The competition is available online and consists of roughly 40 multiple-choice questions which must be completed within 45 minutes.
The questions test participants' existing IT and security knowledge around key topics, including networking, security, programming languages and hardware.
They also include maths problems, comprehension tests and logic puzzles in a bid to tell whether applicants have the skills to work in cyber security.
SANS will then offer competitors a breakdown of their scores and use them to create a cohesive rank.
An undisclosed number of the top ranking applicants will then be offered £30,000 worth of training at a cyber boot camp organised by the SANS Cyber Academy.
The camp will be run by SANS instructor James Lyne, and will reportedly condense two years' worth of training into just eight weeks. Those who graduate will be GIAC certified.

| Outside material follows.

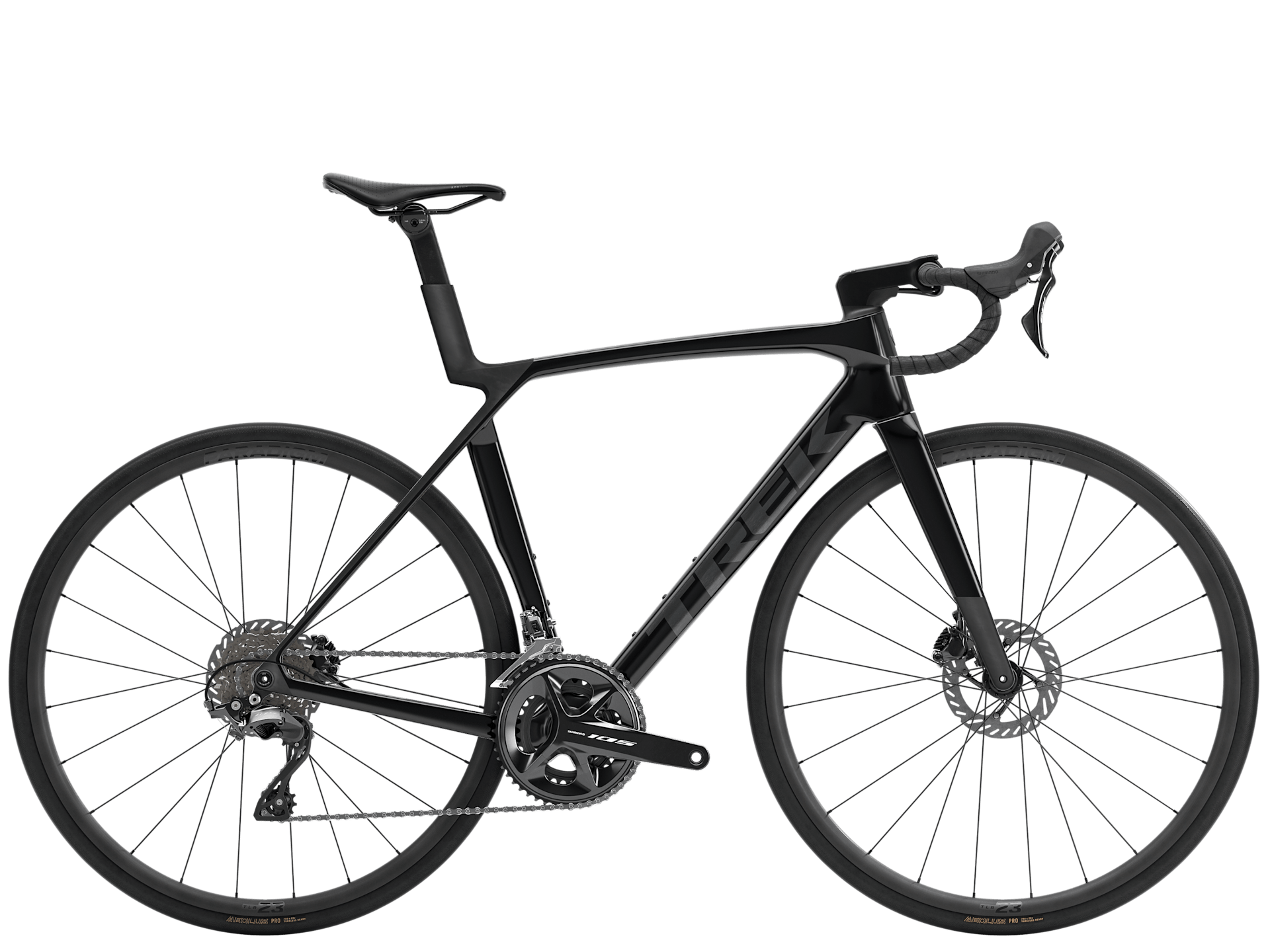 MADONE SL 5 GEN 8 L - MAT PARLAK SİYAH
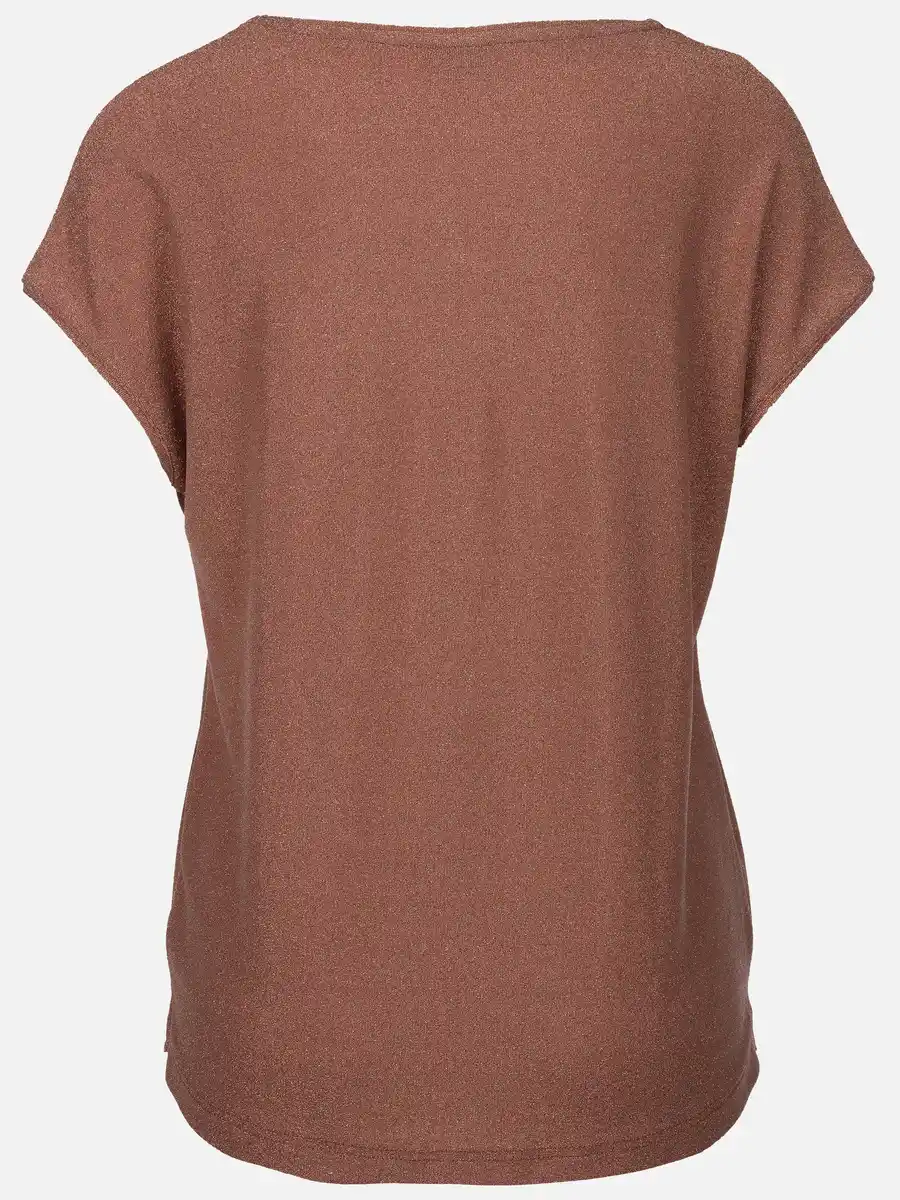 Bild 2 von Damen Lurexshirt Rosa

The move is reportedly designed to help plug the UK cyber skills gap. Several government departments and businesses have reported difficulty in recruiting skilled cyber security professionals in recent years.
Julian David, chief executive at TechUK, described the shortage as one of the biggest problems facing the UK technology industry.
GCHQ launched its first open recruitment drive for "computer network operations specialists" in May in an attempt to overcome the shortage.
Prior to this the UK government announced a Cyber First programme in March designed to find and train the next generation of security professionals, continuing its efforts to bolster the nation's digital defences.
Lyne has been a constant supporter of initiatives like Cyber First, but warned during a keynote at Infosec Europe earlier in June that these education initiatives should teach future white hats how computer systems work, not just how they are hacked.